[Start of section]

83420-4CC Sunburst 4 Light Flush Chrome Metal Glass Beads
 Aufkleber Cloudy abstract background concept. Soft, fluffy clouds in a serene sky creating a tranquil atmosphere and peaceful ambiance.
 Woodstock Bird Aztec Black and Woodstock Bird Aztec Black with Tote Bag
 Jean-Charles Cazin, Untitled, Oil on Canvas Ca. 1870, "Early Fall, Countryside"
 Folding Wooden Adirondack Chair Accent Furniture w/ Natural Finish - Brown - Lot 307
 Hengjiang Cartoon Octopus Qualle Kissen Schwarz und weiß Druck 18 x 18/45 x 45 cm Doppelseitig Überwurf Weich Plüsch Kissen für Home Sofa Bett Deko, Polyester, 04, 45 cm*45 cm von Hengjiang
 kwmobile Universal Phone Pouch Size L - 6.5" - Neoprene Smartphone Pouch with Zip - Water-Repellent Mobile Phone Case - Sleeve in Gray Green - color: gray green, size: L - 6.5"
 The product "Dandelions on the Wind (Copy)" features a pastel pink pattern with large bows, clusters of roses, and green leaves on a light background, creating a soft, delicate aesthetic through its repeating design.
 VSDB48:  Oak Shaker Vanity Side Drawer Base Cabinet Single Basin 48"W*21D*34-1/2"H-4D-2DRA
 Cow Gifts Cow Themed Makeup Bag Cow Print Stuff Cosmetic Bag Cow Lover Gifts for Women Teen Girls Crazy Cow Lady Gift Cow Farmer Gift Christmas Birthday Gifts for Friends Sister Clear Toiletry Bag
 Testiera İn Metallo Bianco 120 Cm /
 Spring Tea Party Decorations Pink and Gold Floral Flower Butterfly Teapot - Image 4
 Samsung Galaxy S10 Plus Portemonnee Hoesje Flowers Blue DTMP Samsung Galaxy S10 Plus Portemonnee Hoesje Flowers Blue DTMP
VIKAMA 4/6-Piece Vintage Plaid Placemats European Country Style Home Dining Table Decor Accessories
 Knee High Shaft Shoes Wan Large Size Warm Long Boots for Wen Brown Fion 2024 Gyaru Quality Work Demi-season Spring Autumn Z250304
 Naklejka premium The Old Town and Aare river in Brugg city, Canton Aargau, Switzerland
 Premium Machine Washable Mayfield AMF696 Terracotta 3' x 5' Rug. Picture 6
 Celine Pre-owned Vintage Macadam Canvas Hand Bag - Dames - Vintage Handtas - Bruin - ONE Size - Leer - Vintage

[End of section]

Problem: Could you return the data above exactly as it stands?

Answer to the problem:
83420-4CC Sunburst 4 Light Flush Chrome Metal Glass Beads
 Aufkleber Cloudy abstract background concept. Soft, fluffy clouds in a serene sky creating a tranquil atmosphere and peaceful ambiance.
 Woodstock Bird Aztec Black and Woodstock Bird Aztec Black with Tote Bag
 Jean-Charles Cazin, Untitled, Oil on Canvas Ca. 1870, "Early Fall, Countryside"
 Folding Wooden Adirondack Chair Accent Furniture w/ Natural Finish - Brown - Lot 307
 Hengjiang Cartoon Octopus Qualle Kissen Schwarz und weiß Druck 18 x 18/45 x 45 cm Doppelseitig Überwurf Weich Plüsch Kissen für Home Sofa Bett Deko, Polyester, 04, 45 cm*45 cm von Hengjiang
 kwmobile Universal Phone Pouch Size L - 6.5" - Neoprene Smartphone Pouch with Zip - Water-Repellent Mobile Phone Case - Sleeve in Gray Green - color: gray green, size: L - 6.5"
 The product "Dandelions on the Wind (Copy)" features a pastel pink pattern with large bows, clusters of roses, and green leaves on a light background, creating a soft, delicate aesthetic through its repeating design.
 VSDB48:  Oak Shaker Vanity Side Drawer Base Cabinet Single Basin 48"W*21D*34-1/2"H-4D-2DRA
 Cow Gifts Cow Themed Makeup Bag Cow Print Stuff Cosmetic Bag Cow Lover Gifts for Women Teen Girls Crazy Cow Lady Gift Cow Farmer Gift Christmas Birthday Gifts for Friends Sister Clear Toiletry Bag
 Testiera İn Metallo Bianco 120 Cm /
 Spring Tea Party Decorations Pink and Gold Floral Flower Butterfly Teapot - Image 4
 Samsung Galaxy S10 Plus Portemonnee Hoesje Flowers Blue DTMP Samsung Galaxy S10 Plus Portemonnee Hoesje Flowers Blue DTMP
VIKAMA 4/6-Piece Vintage Plaid Placemats European Country Style Home Dining Table Decor Accessories
 Knee High Shaft Shoes Wan Large Size Warm Long Boots for Wen Brown Fion 2024 Gyaru Quality Work Demi-season Spring Autumn Z250304
 Naklejka premium The Old Town and Aare river in Brugg city, Canton Aargau, Switzerland
 Premium Machine Washable Mayfield AMF696 Terracotta 3' x 5' Rug. Picture 6
 Celine Pre-owned Vintage Macadam Canvas Hand Bag - Dames - Vintage Handtas - Bruin - ONE Size - Leer - Vintage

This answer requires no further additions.